Sabahın erken saatlerinde önce İstanbul Radyosu işgal edildi. “İhtilâl bildirisi”ni sabah 4.30 sularında, bir bölük asker nezaretinde zorla Ankara Radyosu’na giren Albay Alparslan Türkeş okudu. Bildiri şöyleydi: 

(( Sevgili Vatandaşlar, 

Bugün demokrasimizin içine düştüğü buhran ve son müessif hâdiseler dolayısiyle ve kardeş kavgasına meydan vermemek maksadıyla Türk Silahlı Kuvvetleri memleketin idaresini eline almıştır. Bu hareketle, silâhlı kuvvetlerimiz partileri içine düştükleri uzlaşmaz durumdan kurtarmak ve partiler üstü tarafsız bir idarenin nezaret ve hakemliği altında en kısa zamanda adil ve serbest seçimler yaptırarak idareyi hangi tarafa mensup olursa olsun seçimi kazananlara devir ve teslim etmek üzere girişmiş bulunmaktadır. Girişilmiş olan bu teşebbüs hiç bir şahsa veya zümreye karşı değildir. İdaremiz hiç kimse hakkında şahsiyete müteallik tecavüzkâr bir fiile teşebbüs etmeyeceği gibi, 
edilmesine de asla müsamaha etmeyecektir. Kim olursa olsun ve hangi partiye mensup bulunursa bulunsun her vatandaş kanunlar ve hukuk prensipleri esaslarına göre muamele görecektir. 

Bütün vatandaşların partiler üstünde, aynı milletin, aynı soydan gelme evlâtları olduklarını hatırlayarak ve kin gütmeden birbirlerine karşı hürmetle ve anlayışla muamele etmeleri, ıstıraplarımızın dinmesi ve millî varlığımızın selâmeti için zaruri görülmektedir. 
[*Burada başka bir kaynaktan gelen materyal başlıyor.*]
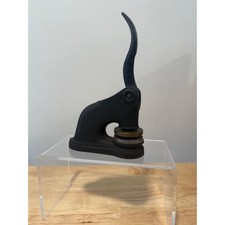 Vtg Cast Iron Desk Seal Embosser Heating Specialties of New Hampshire 1963 JL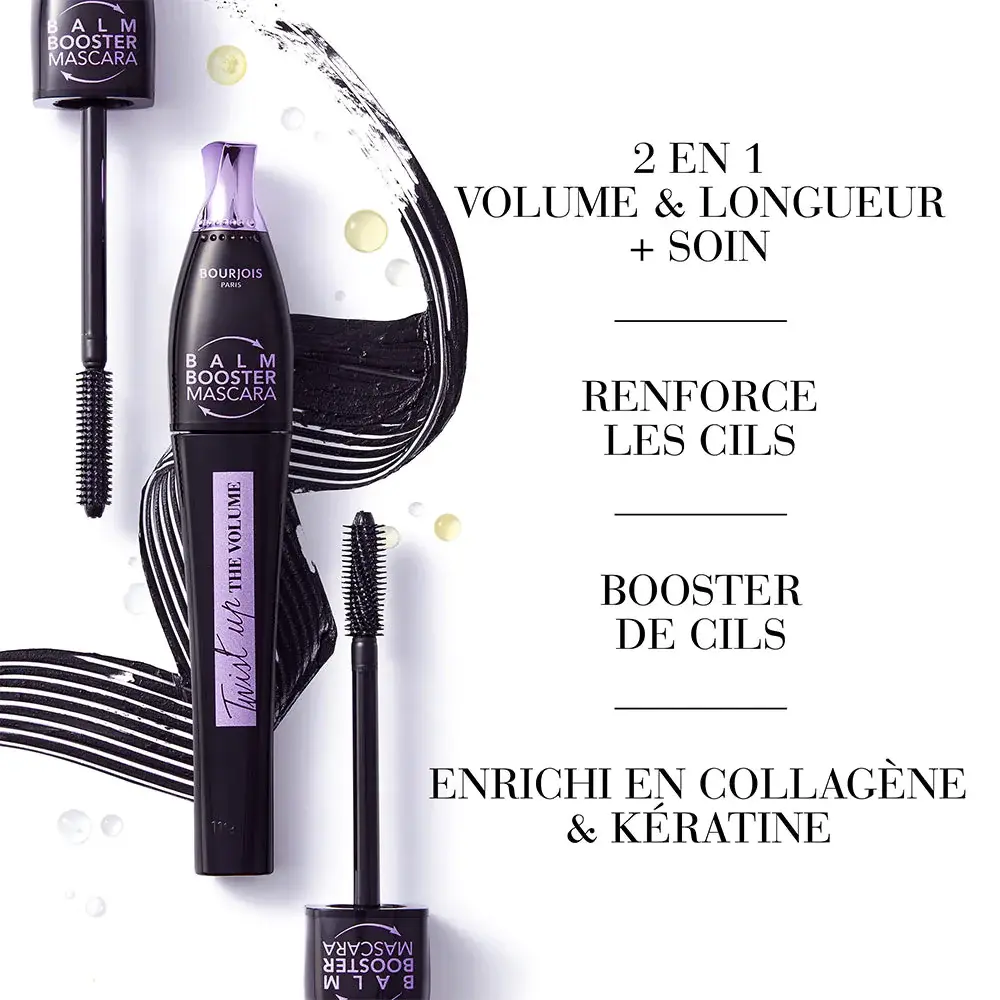 BOURJOIS Twist Up Booster Mascara Black Balm 8ML thumb 4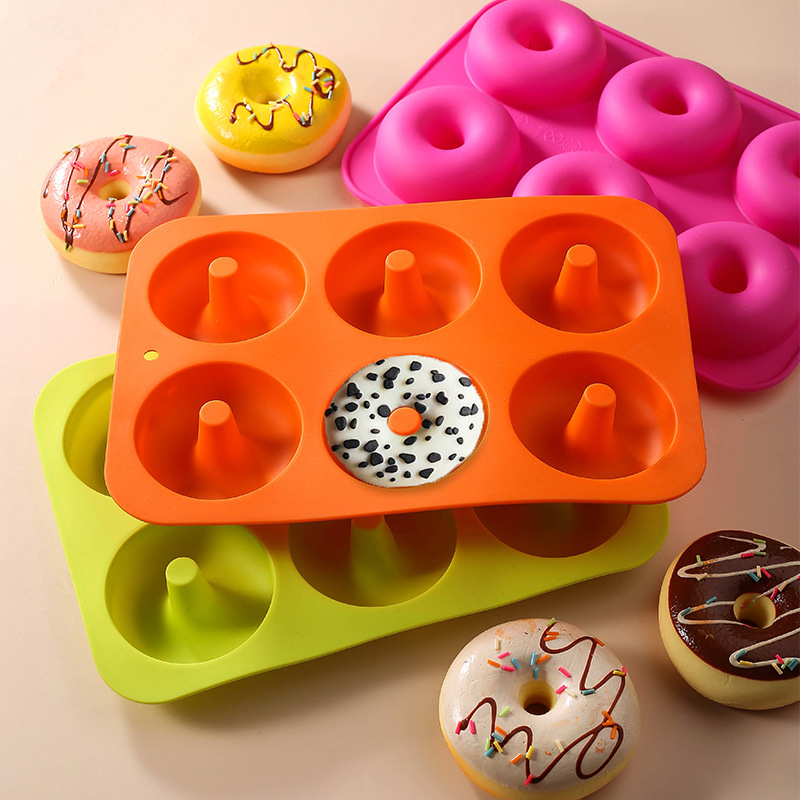 Silikon -Donut -Formen - Nicht -Stick -Silikon -Donut -Pfannen -Set, einfach Pop! Hitzebeständig, macht perfekte Donut -Kuchen -Keksbagels, BPA kostenlos, Spülmaschine sicher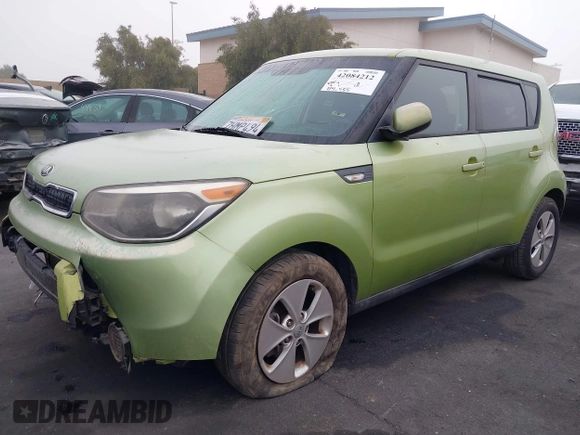 2014 Kia Soul with VIN KNDJN2A23E7736561, listed as a IAAI auction lot 42084212 with 114,555 mi miles and . Bid and sale history available at DreamBid. Image 2.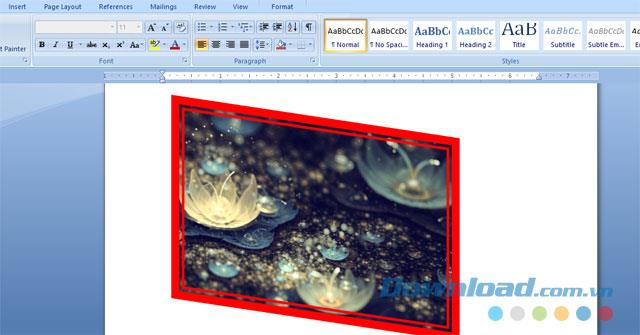 How to create frames and effects for images in Word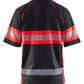Blaklader Poloshirts 33381051 HiVis zwart-fluo rood(9955)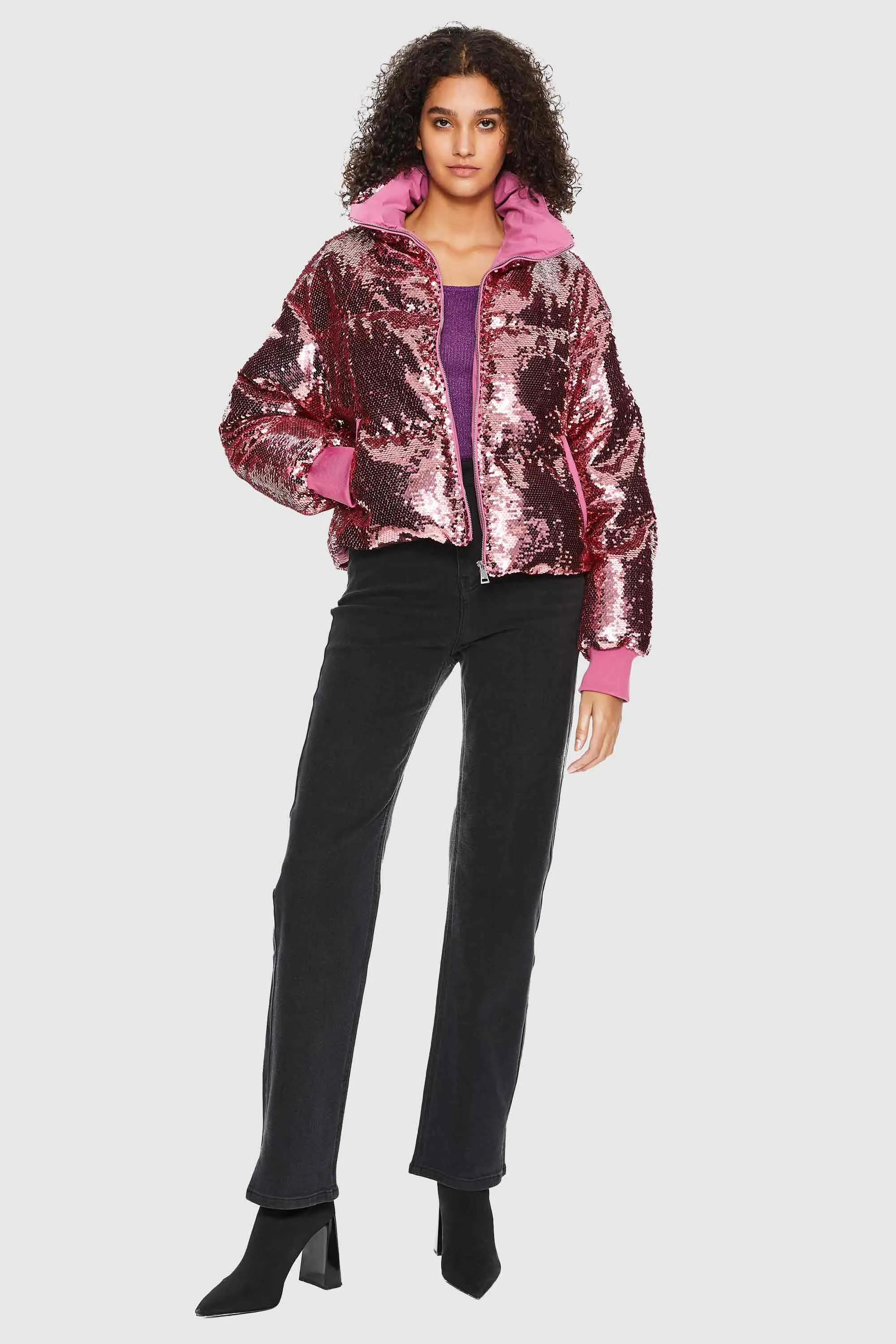 Puff-O O-Lab Disco Sequin Jacket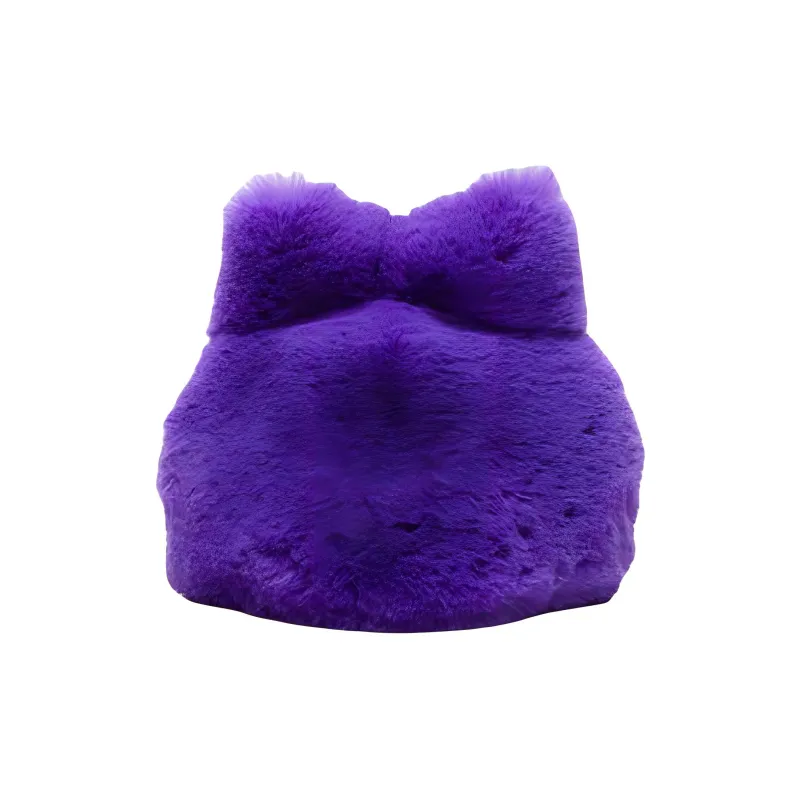 Acne Studios Faux Fur Hats & Caps Unisex Purple-0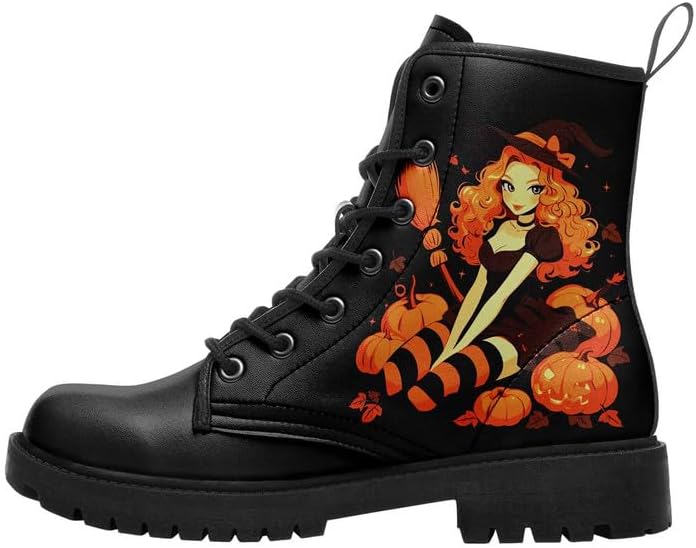 Готические боевые ботинки на Хэллоуин с жутким дизайном, унисекс панк ботинки до щиколотки для косплея и повседневной модной носки из кожи Awsole, черный
Готические боевые ботинки на Хэллоуин с жутким дизайном, унисекс панк ботинки до щиколотки для косплея и повседневной модной носки из кожи Awsole, черный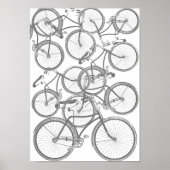 Een stapel fietsen poster (Voorkant)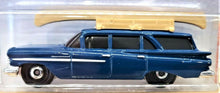 Load image into Gallery viewer, Matchbox 2018 &#39;59 Chevy Wagon Dark Blue #10 MBX Road Trip 8/35 New Long Card
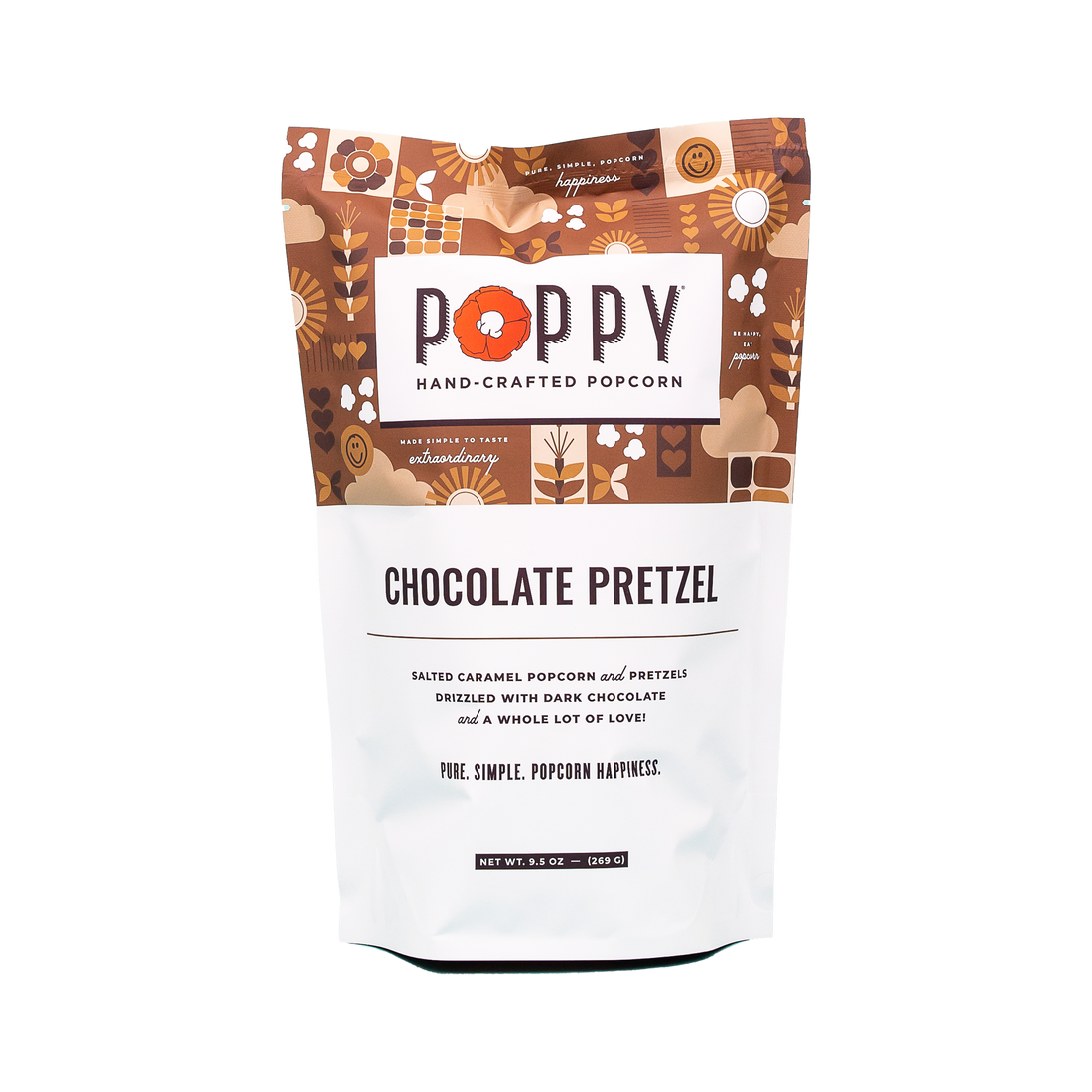 Chocolate Pretzel Popcorn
 < Cemal Gürsel darbe öncesinde hareketin başına geçmeyi kabul etmişse de, 3 Mayıs’ta görevinden ayrılarak son anda İzmir’e gitmiş ve bu durum ihtilâlci subayları endişelendirmişti. 
Ancak İzmir’deki ikinci ikna girişimi başarılı oldu ve Gürsel liderlik teklifine uyarak 27 Mayıs gününün öğle saatlerinde Ankara’ya geldi. >

Kabineye mensup şahsiyetlerin Türk silâhlı kuvvetlerine sığınmalarını rica ediyoruz. Şahsî emniyetleri kanun teminatı altındadır. 

Müttefiklerimize, komşularımıza ve bütün dünyaya hitap ediyoruz. Gayemiz Birleşmiş Milletler Anayasası’na ve insan hakları prensiplerine tamamen riayettir. Büyük Atatürk’ün “yurtta sulh, cihanda sulh” prensibi bayrağımızdır. Bütün ittifaklarımıza ve taahhütlerimize sadığız. NATO’ya ve CENTO’ya inanıyoruz ve bağlıyız. 

Tekrar Ediyoruz, düşüncelerimiz “yurtta sulh, cihanda sulh”dur. ))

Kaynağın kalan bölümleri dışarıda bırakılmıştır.